How can I understand this definition of a presheaf?

Question

We have given the following definition of a presheaf:

A preasheaf $F$ on a topological space is a functor $$F:\text{Op}(X)^{\text{op}}\rightarrow \text{Sets}$$ Where $\text{Op}$ is the category of open sets.

Now I want to understand this a bit more. So I know that a functor maps objets to objects, but since the objects in $\text{Op}(X)^{\text{op}}$ are the same as the one in $\text{Op}(X)$ we have

• for all $U\subset X$ open $F(U)$ is a set

Now a functor maps morphisms to morphisms. But the morphisms in $\text{Op}(X)^{\text{op}}$ are the one from $\text{Op}(X)$ but with arrows in the other direction right? But the morphisms in $\text{Op}(X)$ are inclusions of opens sets. But now if I have $V\subset U$ in $\text{Op}(X)$ then this means that $U\subset V$ in $\text{Op}(X)^{\text{op}}$, but now what does happen if we apply the functor $F$?

Answer 1

It means that for each open set U inside X, $\mathcal{F}(U)$ is a set, and for two open sets $U \subset V$ we have a morphism of sets $\rho_{V,U} :\mathcal{F}(V) \to \mathcal{F}(U)$ such that $\mathcal{F}$ satisfies the following conditions:

1. $\rho_{U,U}=id_{\mathcal{F}(U)}$
2. For $W \subset V \subset U$, $\rho_{U,W}=\rho_{V,W} \circ \rho_{U,V}$

Answer 2

Generally the category Op$(X)$ has morphisms $V\to U$ iff $V\subset U$.

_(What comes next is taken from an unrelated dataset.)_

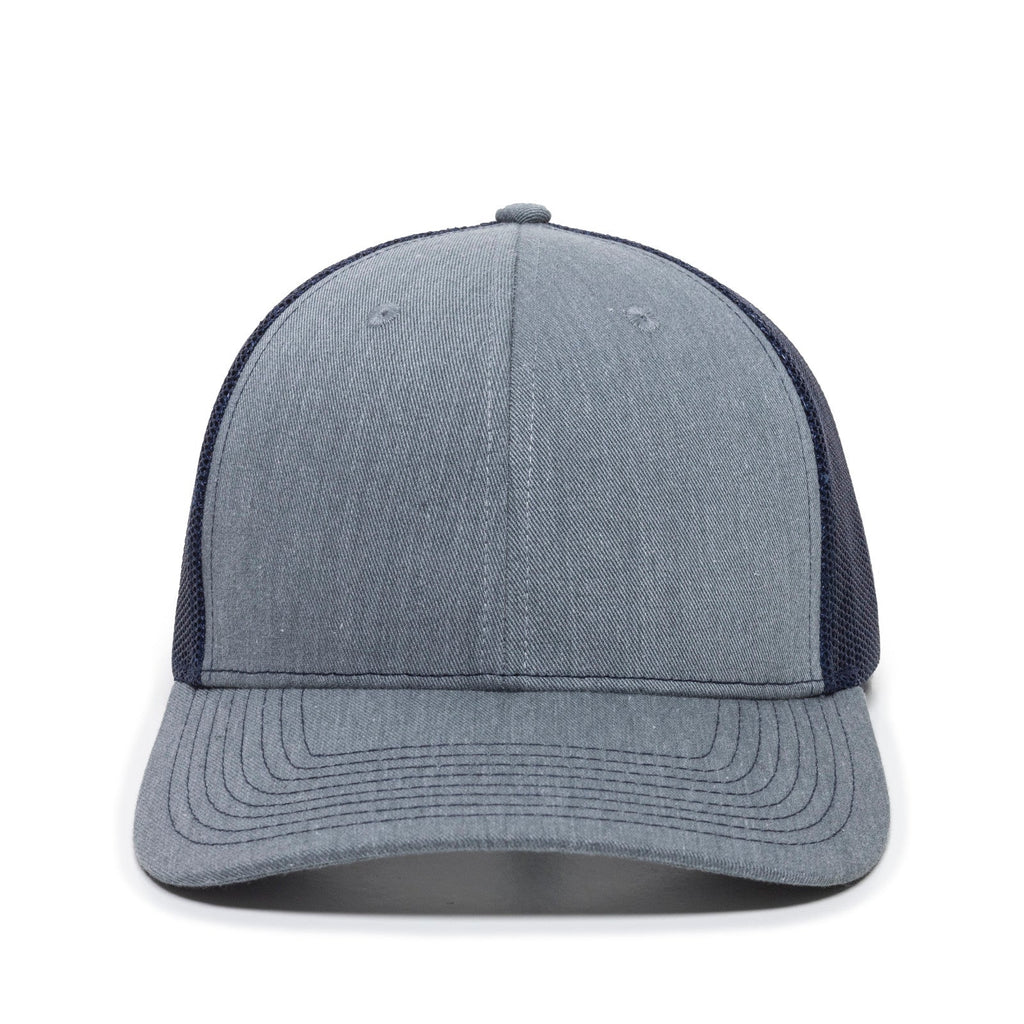 One Size Heathered Grey/Navy Outdoor Cap OC771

So the opposite category Op$(X)^{\rm op}$'s morphism are $U\to V$ iff $V\subset U$.

Now we take functor $F:$Op$(X)^{\rm op}\to $Sets, we get map $F(U)\to F(V)$ when $V\subset U$.

For example let $X=\mathbb{R}$ and $F(U):=\{f:U\to \mathbb{R}|f$:continuous } for open subset $U\subset \mathbb{R}$, and by taking restriction of function there is $F(U)\to F(V)$ for $V\subset U$.